McClellan on Early Women's Rights Activists and the 14th Amendment

Angus McClellan, Claremont Graduate University, has posted Early Women's Rights Activists and the Meaning of the 14th Amendment:
The purpose of this paper is to consider the meaning of the 14th Amendment as it applies to women in the United States through the perspective of the women’s rights litigants, advocates, and their allies in the 1860s and 1870s. Originalism as a method for constitutional interpretation can take many forms, including giving weight to the original intent of the drafters of the Constitution or its amendments, or deferring to the understandings of the ratifiers in state conventions and legislatures, or perhaps giving weight to the “public meaning” or “public understanding” of the documents by considering newspaper editorials, pamphlets, and dictionary definitions in use at the times of their ratifications. This paper is an originalist approach to understanding the 14th Amendment by turning to a group of people who were particularly active in the earliest debates on its meaning. Modern interpretations as well as those from contemporaneous statesmen and jurists will be considered as well to provide some orientation and comparison.

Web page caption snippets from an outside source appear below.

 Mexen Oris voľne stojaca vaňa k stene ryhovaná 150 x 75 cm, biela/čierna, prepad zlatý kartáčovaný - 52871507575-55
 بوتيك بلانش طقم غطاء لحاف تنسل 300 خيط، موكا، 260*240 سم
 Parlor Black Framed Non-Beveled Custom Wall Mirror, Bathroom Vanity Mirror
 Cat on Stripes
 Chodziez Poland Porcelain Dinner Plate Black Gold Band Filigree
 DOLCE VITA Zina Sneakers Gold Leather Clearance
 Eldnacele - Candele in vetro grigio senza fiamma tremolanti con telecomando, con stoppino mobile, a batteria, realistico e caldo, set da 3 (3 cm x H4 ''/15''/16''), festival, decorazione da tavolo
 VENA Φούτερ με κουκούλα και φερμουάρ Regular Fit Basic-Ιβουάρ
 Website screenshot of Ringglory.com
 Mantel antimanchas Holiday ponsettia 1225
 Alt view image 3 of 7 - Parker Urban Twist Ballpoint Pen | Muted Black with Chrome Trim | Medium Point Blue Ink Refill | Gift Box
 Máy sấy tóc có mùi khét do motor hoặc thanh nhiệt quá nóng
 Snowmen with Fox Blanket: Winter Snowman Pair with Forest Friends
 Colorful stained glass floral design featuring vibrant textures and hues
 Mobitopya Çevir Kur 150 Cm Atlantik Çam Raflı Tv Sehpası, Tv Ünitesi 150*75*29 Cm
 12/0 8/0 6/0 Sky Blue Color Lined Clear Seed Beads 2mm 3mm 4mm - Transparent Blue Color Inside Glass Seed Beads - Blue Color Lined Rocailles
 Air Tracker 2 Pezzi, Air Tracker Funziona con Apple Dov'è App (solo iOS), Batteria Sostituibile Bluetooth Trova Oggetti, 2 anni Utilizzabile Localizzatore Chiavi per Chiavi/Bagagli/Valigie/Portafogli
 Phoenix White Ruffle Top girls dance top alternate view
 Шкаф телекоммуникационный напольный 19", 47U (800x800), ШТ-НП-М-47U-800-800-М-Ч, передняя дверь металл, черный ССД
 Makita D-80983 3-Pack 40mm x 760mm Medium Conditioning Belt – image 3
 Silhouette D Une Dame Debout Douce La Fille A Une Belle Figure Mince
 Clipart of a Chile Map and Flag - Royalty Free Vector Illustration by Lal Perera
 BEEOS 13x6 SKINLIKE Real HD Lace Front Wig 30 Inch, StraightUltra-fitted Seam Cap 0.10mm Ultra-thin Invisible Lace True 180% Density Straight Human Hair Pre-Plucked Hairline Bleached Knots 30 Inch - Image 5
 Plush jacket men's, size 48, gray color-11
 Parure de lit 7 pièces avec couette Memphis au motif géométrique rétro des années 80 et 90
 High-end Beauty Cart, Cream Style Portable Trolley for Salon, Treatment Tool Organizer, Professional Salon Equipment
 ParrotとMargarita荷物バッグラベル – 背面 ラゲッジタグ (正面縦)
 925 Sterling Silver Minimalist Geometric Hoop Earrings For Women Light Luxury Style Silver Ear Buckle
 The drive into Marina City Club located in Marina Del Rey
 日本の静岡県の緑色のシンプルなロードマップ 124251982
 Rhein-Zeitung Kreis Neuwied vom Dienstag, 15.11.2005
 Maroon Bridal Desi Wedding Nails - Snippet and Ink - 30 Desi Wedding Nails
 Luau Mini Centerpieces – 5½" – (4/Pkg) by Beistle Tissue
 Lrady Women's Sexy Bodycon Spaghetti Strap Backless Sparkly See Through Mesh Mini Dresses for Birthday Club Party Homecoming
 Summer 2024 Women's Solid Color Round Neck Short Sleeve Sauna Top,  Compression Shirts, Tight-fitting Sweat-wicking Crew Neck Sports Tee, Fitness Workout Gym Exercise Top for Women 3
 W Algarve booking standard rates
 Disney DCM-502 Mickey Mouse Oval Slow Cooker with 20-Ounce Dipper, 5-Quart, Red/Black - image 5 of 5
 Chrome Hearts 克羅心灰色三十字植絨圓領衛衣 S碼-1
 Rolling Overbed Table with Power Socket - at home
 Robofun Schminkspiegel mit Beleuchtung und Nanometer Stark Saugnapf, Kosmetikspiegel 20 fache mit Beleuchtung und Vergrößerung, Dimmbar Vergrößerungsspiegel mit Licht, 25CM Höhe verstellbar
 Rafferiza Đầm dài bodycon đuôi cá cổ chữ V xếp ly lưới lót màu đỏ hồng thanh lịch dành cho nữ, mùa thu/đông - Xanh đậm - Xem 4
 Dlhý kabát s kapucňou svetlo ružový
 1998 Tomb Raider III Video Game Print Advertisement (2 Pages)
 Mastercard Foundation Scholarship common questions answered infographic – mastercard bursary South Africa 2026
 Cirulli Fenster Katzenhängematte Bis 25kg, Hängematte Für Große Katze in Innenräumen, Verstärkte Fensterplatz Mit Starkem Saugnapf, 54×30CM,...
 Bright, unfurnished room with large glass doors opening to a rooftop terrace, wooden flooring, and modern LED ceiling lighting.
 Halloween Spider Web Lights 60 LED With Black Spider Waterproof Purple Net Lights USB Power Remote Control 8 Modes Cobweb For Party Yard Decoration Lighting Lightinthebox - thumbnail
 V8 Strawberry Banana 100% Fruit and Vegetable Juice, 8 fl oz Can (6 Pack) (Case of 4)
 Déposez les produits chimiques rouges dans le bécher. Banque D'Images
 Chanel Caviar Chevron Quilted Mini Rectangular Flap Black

To map this argument broadly, modern scholars argue that the 14th Amendment protects some or all categories of individuals within the jurisdiction of the United States, and they variously claim that Section 1 protects substantive or procedural civil, political, natural, fundamental, or common law rights, or even social equality. Adding to this the variety of definitions of rights or “equality,” there is a wide spectrum of scholarly thought on what the 14th Amendment protects, and to whom it applies. Part II be divided between political efforts and legal efforts. It will focus first on the political efforts and the accompanying interpretations of the 14th Amendment from some of the most prominent activists during the 1860s and 1870s. It will then explore the legal arguments of women’s rights activists and their attorneys engaged in litigation from three notable cases in the earliest days of the 14th Amendment.